I agree that you should be paid for the job you do, if you are a Doctor you should be compensated as such, if you are a mid-level manger or a fast food employee you should be compensated as such.  In 2011, male or female can hold many of the same positions, but women only earn 80% as much as men.  It could be for traditional reasons but studies show that the gap is closing and women are no longer accepting these statistics.

Moneywatch.com stated that a MBA study showed that men and women graduate and begin earning around the same but after 10 years men earn significantly more.  The reason stated motherhood, more days off, and career breaks.  I must say this is a very strong argument for the men.  If women are not gaining the experience or working the hours, they will not increase their salary, motherhood becomes a greater priority than getting ahead.  Women also tend to take lower paying jobs like teaching, nursing the study showed 1out of every 8 followed this career path.  I also think it’s because men are better negotiators and demand their worth in a way that’s respected, women are less forceful and don’t get the same type of respect, even if they do demand it, they can be perceived as bitchy.  Don’t give up hope women of the working world!

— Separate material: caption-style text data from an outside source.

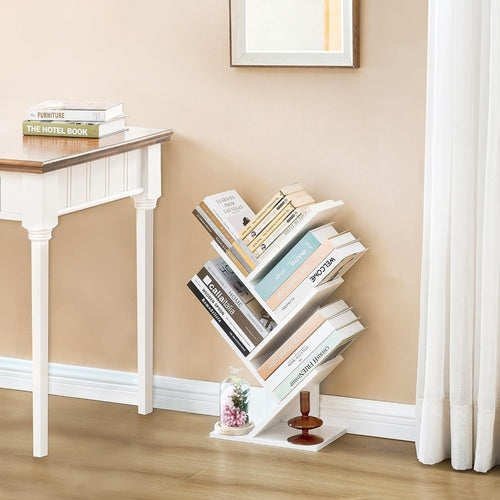 White 4 Tier Tree Bookshelf Free Standing Small Bookcase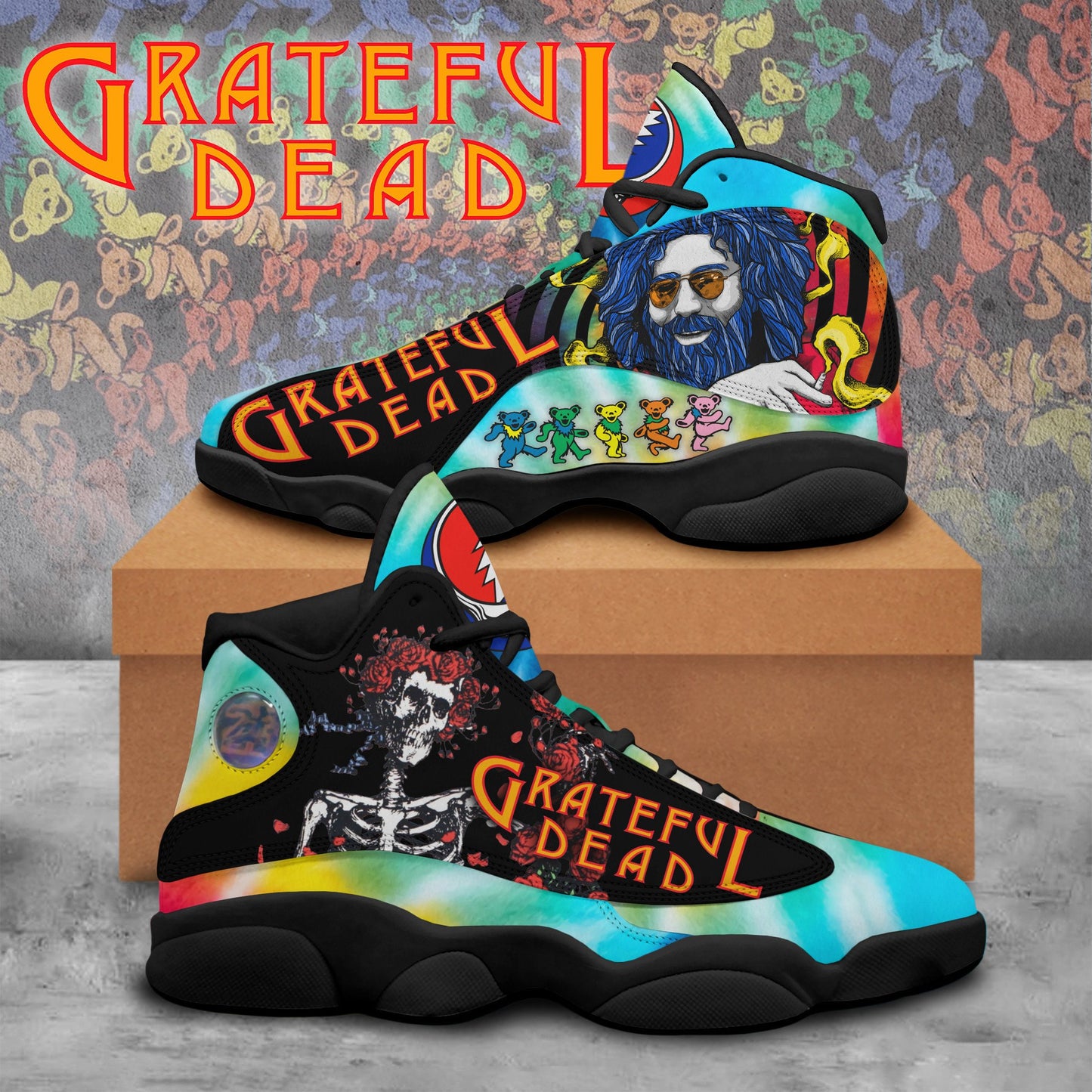 Ideafootwear Grateful Dead AJ13 Sneakers Shoes For Men And Women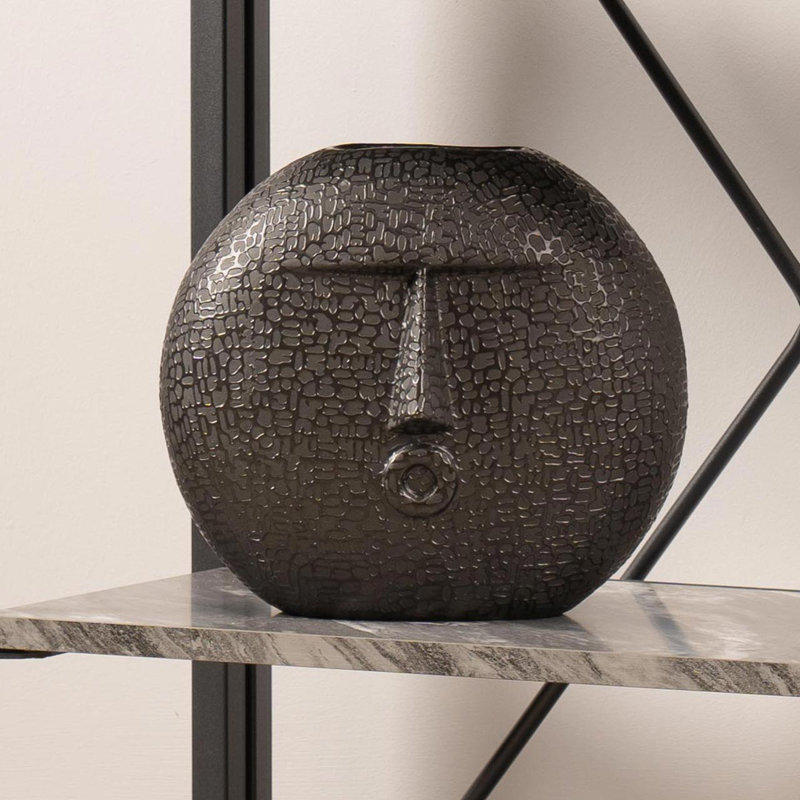 Textured Ceramic Vase for the Living Room, Round Face Design Decorative Vase, 21.2cm H x 24.2cm W x 13.3cm D, Black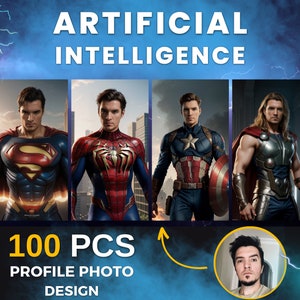 Custom AI Portrait from Your Photo - 100 Pieces of Personalized Digital Art, Personalized Wall Art or Birthday Gift | Digital Download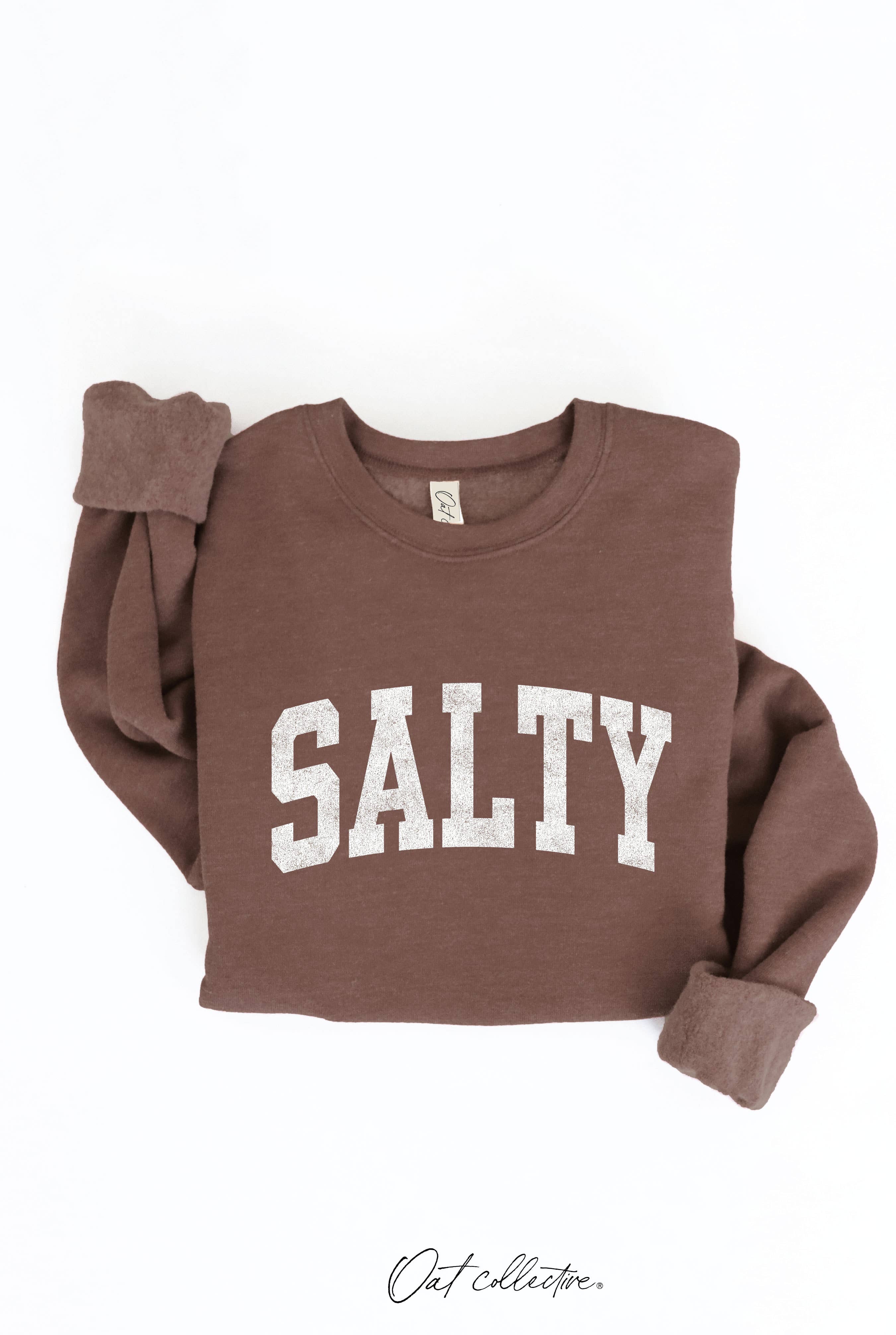 SALTY Graphic Sweatshirt: relaxed fit sweatshirt in light cream with crew neckline and long sleeves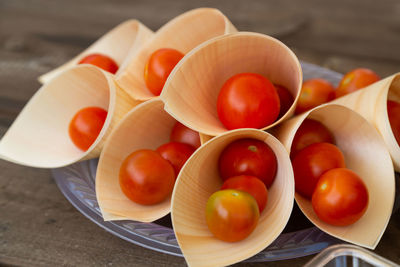 High angle view of food in bowl on table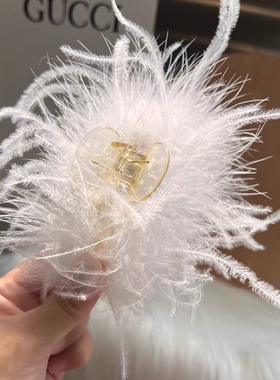 高级感明星同款羽毛后脑勺发夹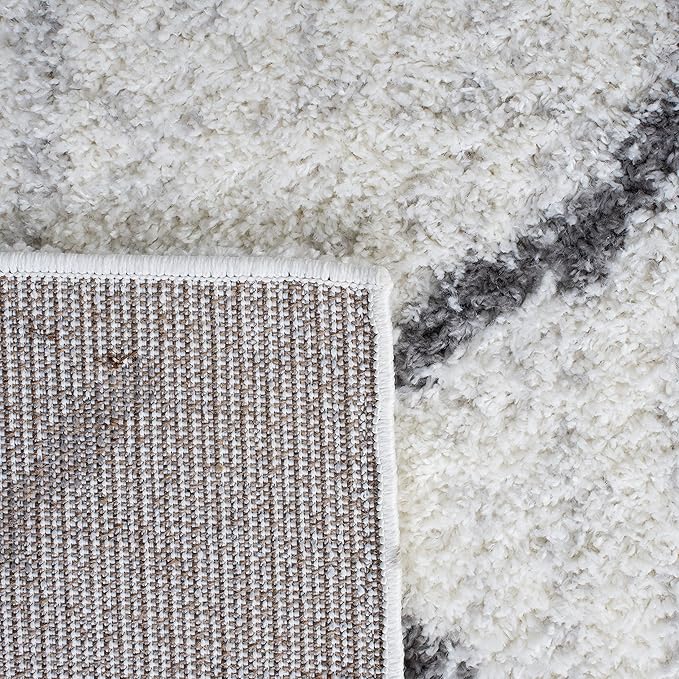 SAFAVIEH Berber Shag Collection Runner Rug - 2'2" x 9', Cream & Light Grey, Moroccan Design, Non-Shedding & Easy Care, 1.2-inch Thick Ideal for High Traffic Areas in Living Room, Bedroom (BER162C)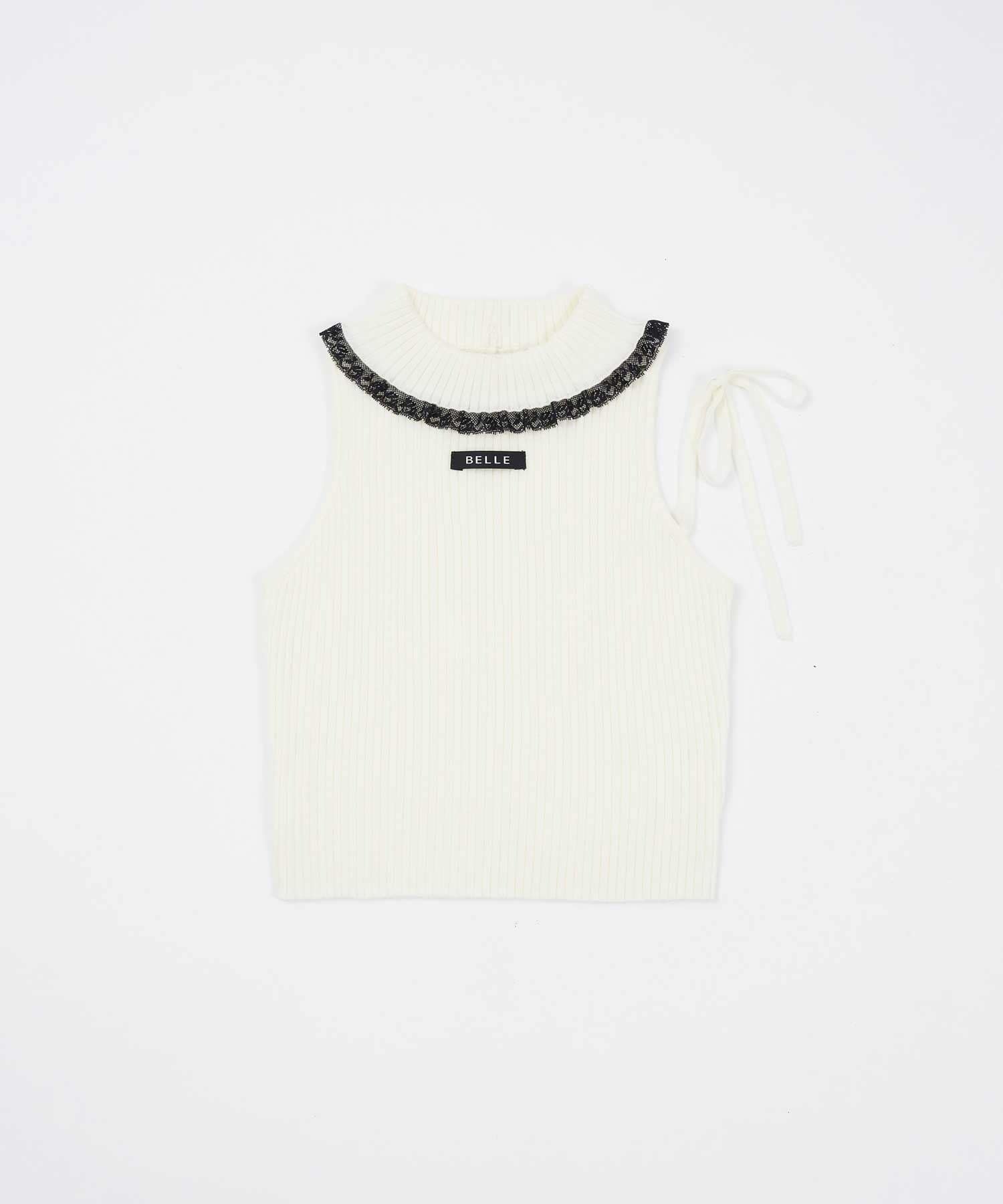 Belle Charme(ベルシャルム) Lace Rib Knit Tank Top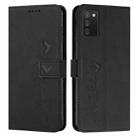 For Samsung Galaxy A02S 164mm EU Version Skin Feel Heart Pattern Leather Phone Case(Black) - 1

The study also mentions that because of the recession and the smart women in the world the gap may be closing.  The recession knocked out many predominantly male jobs, like construction and high level management.  This lessens the confidence of men and the careers like teaching and nursing become more appealing because they offer job security.  Women are also out numbering men in college attendance and we all know that a degree will put you in a better negotiating position and offer a higher salary; women are also moving away from the barefoot and pregnant life role to the success roles in the work force.  Watch out gentlemen the ladies are defying the behavior of previous professional females and demanding the salary gap be decreased and call it bitchiness if you want, I call it being confident, and asking for respect just like any man would. 

Many men and women both work in many roles across the world and considering all variables align why should men still be paid more than women?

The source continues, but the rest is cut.